THE MASCULINITY CONSPIRACY

02: History cont’d

with 11 comments

Given that Wilber bases most of his understanding of masculine and feminine types on Gilligan, and that he is not too accurate (read truthful) about what Gilligan actually says, you might want to adopt that “hermeneutic of suspicion” to everything Wilber says about men and women stretching back through history. You might want to give some serious consideration to the idea that Wilber is part of the conspiracy. Thinking back to the previous chapter and Barkun’s three conspiracy principles, it appears that nothing happens by accident (how could such a clear misreading be anything other than deliberate?) and that nothing is as it seems (the reality of the masculine and feminine types). What’s left of Barkun’s conspiratorial triplet is everything is connected. Here we see that the conspiracy/Wilber’s presentation of gender connects itself even to evidence that counters the conspiracy: hijacking, appropriating, making itself plausible. Wiber’s position is also connected in a web of writers who mutually confirm each other’s position. This again gives the impression of plausibility and “evidence,” but is simply a closed ecology of ideas which exclude those which do not offer confirmation. Ironically, while I am suggesting that the masculinity presented here is part of the conspiracy, this kind of closed-ecology thinking is emblematic of what Barkun would identify as the paranoid thinking that identifies conspiracy in the first place.

So please, whenever you read someone citing a prominent expert’s work to confirm their own argument, be mindful that not everything is always as it seems. Plenty of writers are careful to represent the truth in this regard, but others are not. When this happens it is probably down to one of two reasons. First, it might be a conscious act of manipulation on behalf of the author: this is deception. Second, it might be that the writer hasn’t sufficiently engaged the work s/he is citing to accurately represent it: this is laziness (or incompetence). Sometimes there is a third explanation of genuinely differing interpretations of a text or data: this is valid enough, but complex to navigate.

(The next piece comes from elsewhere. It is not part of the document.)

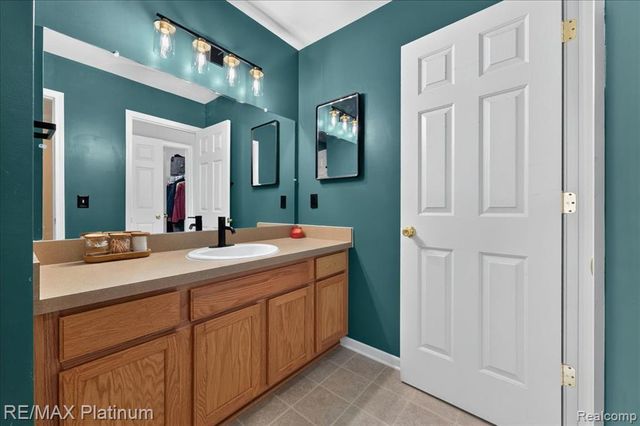 1602 Pinecroft Ln., Howell, MI 48855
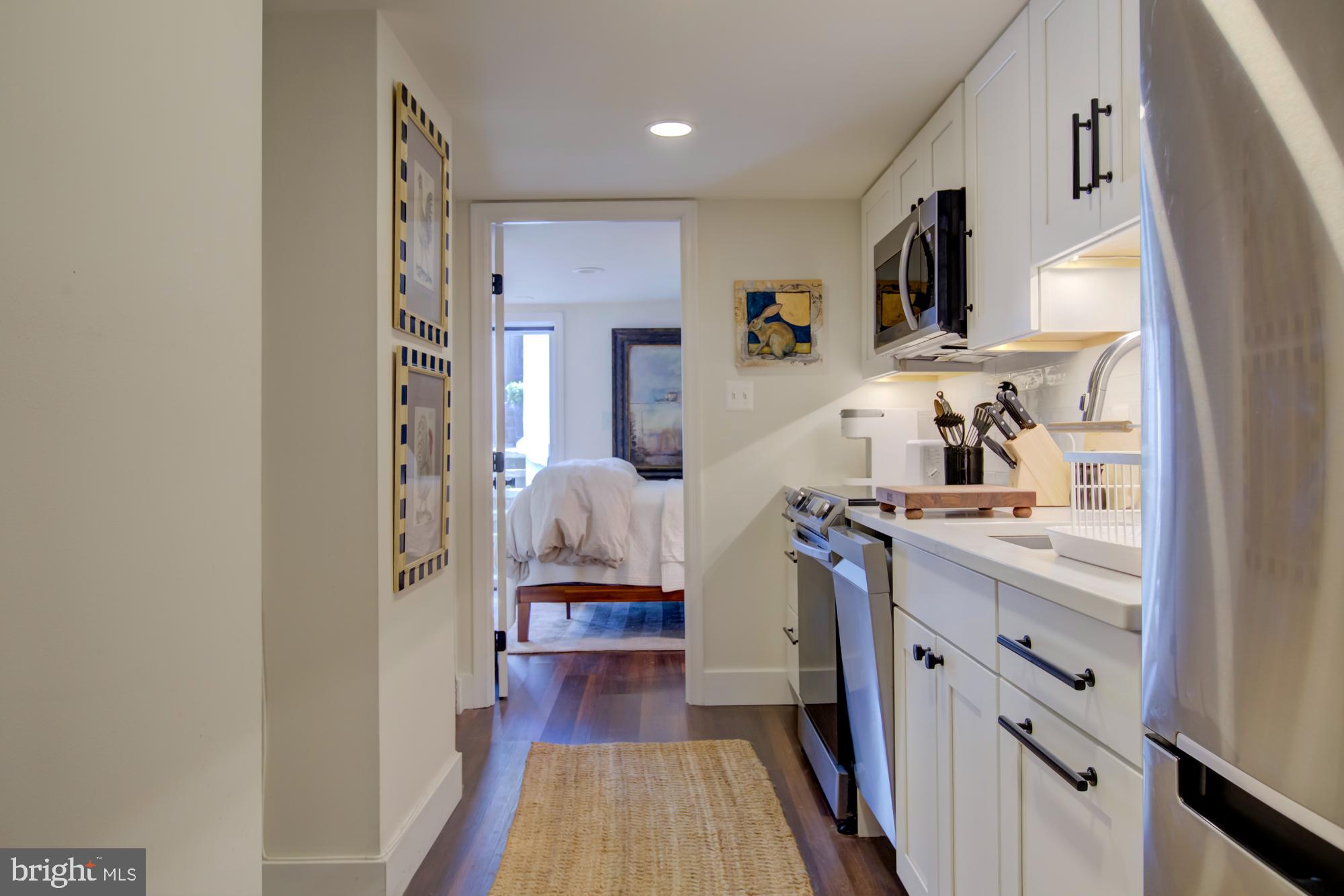 CAPITOL HILL - Residential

Whichever way, there is no easy way to avoid being misled in situations like this. The only way to guarantee that such citations of prominent experts are indeed valid is to go and read them for yourself. This runs counter to the way information is packaged these days, with its emphasis on sound bites, summaries and bullet points. Not many people have the time or the inclination to consult the original text to see what is actually being said by the so-called “experts.” Unfortunately, those responsible for the Masculinity Conspiracy rely on the fact that not many people have the time or the inclination to perpetuate their campaign of misinformation.

If you go down this finding-out-for-yourself road it might result in the curious situation where you have fewer certain opinions. Basically, the more you genuinely investigate stuff, the more you realize how little you know, and the less inclined you might be to make confident pronouncements on any- and everything. My awareness of how little I know expands with startling speed on a daily basis. I’m not proud to say that I managed to get to about 30 years of age before realizing I didn’t have a clue what I was talking about half the time. Only then did I start to see the true magnitude of the misinformation being spun in all directions.

In the end, once this method of misinformation has been revealed, it is the choice of the individual whether or not to be misinformed. Either be spoon-fed the lies, or not. It has become a cliché of conspiracy culture, but the “red pill, blue pill” scenario of The Matrix movie holds true here: “You take the blue pill—the story ends, you wake up in your bed and believe whatever you want to believe. You take the red pill—you stay in Wonderland and I show you how deep the rabbit-hole goes.”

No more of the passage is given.